- THE PROBLEM -
In the data below, find the line that contains "The next question: when" and the line that contains "Run the pip". Copy both, plus every line between them, exactly.

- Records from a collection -
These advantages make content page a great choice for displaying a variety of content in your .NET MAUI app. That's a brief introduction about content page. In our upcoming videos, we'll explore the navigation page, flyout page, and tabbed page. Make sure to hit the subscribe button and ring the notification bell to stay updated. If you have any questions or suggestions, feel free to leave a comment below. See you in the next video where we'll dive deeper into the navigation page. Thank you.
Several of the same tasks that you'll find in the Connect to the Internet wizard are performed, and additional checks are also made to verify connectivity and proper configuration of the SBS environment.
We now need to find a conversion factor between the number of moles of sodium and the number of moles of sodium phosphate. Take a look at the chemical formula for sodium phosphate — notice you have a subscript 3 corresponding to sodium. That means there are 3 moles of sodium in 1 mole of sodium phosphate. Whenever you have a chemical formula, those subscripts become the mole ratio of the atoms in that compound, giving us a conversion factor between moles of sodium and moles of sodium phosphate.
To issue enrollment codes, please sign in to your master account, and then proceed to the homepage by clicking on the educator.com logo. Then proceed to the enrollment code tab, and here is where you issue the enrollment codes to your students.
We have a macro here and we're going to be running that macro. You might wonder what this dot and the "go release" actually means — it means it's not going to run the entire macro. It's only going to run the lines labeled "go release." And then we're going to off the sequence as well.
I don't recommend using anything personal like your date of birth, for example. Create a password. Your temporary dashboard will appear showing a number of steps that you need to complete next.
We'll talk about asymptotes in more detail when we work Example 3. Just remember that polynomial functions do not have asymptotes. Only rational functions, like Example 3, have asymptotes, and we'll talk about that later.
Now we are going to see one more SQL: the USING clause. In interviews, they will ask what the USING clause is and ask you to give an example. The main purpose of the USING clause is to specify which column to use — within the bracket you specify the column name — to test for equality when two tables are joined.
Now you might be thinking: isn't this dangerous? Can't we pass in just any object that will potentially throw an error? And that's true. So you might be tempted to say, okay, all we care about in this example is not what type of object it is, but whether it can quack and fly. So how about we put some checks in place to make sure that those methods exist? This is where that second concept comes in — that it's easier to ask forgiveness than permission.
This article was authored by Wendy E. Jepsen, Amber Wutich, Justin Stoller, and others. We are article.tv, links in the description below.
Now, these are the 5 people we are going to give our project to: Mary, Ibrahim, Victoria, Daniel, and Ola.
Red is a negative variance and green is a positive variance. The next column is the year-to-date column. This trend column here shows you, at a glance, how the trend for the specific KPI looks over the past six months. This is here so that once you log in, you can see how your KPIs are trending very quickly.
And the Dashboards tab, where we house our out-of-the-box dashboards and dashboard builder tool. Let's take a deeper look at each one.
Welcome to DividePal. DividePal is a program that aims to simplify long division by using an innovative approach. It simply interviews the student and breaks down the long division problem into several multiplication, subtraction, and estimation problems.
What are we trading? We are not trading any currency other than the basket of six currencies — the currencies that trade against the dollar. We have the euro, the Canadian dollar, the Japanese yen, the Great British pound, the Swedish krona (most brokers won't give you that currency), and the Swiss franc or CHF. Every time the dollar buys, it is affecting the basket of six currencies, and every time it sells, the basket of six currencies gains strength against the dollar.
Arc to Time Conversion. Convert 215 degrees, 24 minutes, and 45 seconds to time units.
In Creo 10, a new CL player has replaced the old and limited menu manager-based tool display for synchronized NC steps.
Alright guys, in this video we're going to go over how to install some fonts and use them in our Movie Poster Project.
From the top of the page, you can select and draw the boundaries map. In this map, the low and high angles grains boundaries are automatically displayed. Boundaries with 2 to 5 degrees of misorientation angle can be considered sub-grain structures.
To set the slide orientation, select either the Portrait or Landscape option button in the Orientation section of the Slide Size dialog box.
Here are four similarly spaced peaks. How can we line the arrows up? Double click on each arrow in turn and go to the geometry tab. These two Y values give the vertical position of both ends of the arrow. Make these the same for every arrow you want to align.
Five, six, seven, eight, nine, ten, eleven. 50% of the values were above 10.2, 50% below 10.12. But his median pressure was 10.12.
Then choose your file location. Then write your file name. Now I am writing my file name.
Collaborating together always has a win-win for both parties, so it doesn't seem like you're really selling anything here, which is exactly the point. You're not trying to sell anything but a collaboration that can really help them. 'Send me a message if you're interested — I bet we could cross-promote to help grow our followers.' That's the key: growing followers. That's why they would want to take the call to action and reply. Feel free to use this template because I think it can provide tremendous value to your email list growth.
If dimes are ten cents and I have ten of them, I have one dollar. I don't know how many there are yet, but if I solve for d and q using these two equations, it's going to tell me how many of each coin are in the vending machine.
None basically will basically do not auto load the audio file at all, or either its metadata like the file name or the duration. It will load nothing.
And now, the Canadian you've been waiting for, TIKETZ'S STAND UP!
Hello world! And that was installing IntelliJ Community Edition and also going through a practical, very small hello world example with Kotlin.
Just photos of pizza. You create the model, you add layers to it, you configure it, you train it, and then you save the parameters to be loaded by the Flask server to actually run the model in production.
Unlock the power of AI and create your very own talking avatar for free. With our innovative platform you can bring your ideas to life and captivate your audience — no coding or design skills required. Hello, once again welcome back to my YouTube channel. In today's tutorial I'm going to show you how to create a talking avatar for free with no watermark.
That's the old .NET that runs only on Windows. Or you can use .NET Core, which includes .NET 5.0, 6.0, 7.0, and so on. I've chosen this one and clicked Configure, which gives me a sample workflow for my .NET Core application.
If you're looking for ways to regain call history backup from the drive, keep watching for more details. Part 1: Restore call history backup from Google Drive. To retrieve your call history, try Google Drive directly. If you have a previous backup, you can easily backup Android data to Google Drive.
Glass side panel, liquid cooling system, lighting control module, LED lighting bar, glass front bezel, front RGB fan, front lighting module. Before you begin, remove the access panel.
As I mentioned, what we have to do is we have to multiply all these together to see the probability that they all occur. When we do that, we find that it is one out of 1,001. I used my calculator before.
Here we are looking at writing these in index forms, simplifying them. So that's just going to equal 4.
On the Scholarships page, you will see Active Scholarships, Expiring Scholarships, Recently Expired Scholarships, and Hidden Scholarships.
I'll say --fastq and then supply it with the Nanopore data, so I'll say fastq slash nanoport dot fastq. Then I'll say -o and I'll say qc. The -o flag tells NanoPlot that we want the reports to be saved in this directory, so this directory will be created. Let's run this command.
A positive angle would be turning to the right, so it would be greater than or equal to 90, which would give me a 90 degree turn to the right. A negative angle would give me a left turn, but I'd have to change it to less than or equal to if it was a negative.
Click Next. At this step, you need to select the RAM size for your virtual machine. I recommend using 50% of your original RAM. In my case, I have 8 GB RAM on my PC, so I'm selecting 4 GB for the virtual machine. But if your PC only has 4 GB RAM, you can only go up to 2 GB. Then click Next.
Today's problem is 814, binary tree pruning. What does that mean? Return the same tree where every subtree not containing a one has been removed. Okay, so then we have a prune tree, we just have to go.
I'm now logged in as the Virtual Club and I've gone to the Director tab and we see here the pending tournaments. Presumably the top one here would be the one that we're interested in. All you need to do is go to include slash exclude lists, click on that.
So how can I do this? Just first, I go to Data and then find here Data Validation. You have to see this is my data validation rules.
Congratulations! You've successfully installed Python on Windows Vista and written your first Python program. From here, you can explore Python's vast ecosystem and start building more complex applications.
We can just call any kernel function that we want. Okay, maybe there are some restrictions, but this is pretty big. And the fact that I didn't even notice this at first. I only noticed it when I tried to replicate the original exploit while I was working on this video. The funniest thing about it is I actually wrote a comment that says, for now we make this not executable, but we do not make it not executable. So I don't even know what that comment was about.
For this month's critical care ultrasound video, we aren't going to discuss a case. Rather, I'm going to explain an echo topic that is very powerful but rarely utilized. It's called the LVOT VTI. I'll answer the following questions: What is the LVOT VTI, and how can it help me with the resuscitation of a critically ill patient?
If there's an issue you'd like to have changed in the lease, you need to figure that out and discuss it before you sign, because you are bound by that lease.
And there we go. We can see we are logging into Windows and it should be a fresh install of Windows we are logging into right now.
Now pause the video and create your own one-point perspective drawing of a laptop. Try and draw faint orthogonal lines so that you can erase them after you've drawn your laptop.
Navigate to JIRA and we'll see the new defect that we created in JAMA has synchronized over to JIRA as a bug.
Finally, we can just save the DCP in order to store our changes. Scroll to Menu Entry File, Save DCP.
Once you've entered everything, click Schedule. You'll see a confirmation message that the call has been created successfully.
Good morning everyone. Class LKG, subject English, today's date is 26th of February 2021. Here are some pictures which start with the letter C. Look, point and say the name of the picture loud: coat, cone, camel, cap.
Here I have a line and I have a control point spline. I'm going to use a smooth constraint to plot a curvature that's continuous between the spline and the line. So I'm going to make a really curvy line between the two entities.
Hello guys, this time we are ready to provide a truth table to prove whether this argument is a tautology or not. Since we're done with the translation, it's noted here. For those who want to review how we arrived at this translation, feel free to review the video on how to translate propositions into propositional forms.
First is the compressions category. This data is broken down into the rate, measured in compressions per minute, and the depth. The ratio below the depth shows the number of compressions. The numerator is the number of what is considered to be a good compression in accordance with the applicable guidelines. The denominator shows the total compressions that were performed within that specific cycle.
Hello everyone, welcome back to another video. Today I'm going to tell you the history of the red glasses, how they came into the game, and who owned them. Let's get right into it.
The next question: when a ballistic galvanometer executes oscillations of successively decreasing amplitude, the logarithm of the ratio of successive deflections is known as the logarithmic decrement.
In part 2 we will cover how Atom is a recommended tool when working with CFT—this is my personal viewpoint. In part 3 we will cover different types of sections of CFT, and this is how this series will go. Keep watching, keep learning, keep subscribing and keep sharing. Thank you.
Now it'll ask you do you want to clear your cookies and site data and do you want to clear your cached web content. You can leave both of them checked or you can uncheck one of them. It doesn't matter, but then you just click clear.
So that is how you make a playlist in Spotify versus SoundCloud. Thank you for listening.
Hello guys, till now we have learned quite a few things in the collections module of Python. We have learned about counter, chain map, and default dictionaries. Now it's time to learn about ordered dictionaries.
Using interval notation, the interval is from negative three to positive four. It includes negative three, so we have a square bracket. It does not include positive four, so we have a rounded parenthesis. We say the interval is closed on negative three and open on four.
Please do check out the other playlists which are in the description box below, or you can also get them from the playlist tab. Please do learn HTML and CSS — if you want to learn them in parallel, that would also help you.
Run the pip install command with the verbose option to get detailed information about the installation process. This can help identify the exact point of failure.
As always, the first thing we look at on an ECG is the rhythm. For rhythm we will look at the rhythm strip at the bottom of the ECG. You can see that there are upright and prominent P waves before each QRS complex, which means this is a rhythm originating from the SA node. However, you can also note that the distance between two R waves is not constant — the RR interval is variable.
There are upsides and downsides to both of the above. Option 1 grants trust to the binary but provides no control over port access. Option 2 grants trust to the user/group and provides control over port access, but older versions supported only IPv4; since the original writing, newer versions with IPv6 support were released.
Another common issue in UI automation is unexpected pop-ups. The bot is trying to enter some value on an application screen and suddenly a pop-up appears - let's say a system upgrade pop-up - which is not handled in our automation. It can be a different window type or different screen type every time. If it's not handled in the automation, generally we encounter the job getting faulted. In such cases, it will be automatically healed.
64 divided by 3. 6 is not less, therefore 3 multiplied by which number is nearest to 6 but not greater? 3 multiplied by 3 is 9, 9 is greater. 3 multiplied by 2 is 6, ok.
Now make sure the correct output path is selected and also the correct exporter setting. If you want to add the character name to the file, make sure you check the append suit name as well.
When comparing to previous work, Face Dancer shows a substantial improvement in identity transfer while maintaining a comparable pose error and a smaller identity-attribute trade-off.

- TASK RESPONSE -
The next question: when a ballistic galvanometer executes oscillations of successively decreasing amplitude, the logarithm of the ratio of successive deflections is known as the logarithmic decrement.
In part 2 we will cover how Atom is a recommended tool when working with CFT—this is my personal viewpoint. In part 3 we will cover different types of sections of CFT, and this is how this series will go. Keep watching, keep learning, keep subscribing and keep sharing. Thank you.
Now it'll ask you do you want to clear your cookies and site data and do you want to clear your cached web content. You can leave both of them checked or you can uncheck one of them. It doesn't matter, but then you just click clear.
So that is how you make a playlist in Spotify versus SoundCloud. Thank you for listening.
Hello guys, till now we have learned quite a few things in the collections module of Python. We have learned about counter, chain map, and default dictionaries. Now it's time to learn about ordered dictionaries.
Using interval notation, the interval is from negative three to positive four. It includes negative three, so we have a square bracket. It does not include positive four, so we have a rounded parenthesis. We say the interval is closed on negative three and open on four.
Please do check out the other playlists which are in the description box below, or you can also get them from the playlist tab. Please do learn HTML and CSS — if you want to learn them in parallel, that would also help you.
Run the pip install command with the verbose option to get detailed information about the installation process. This can help identify the exact point of failure.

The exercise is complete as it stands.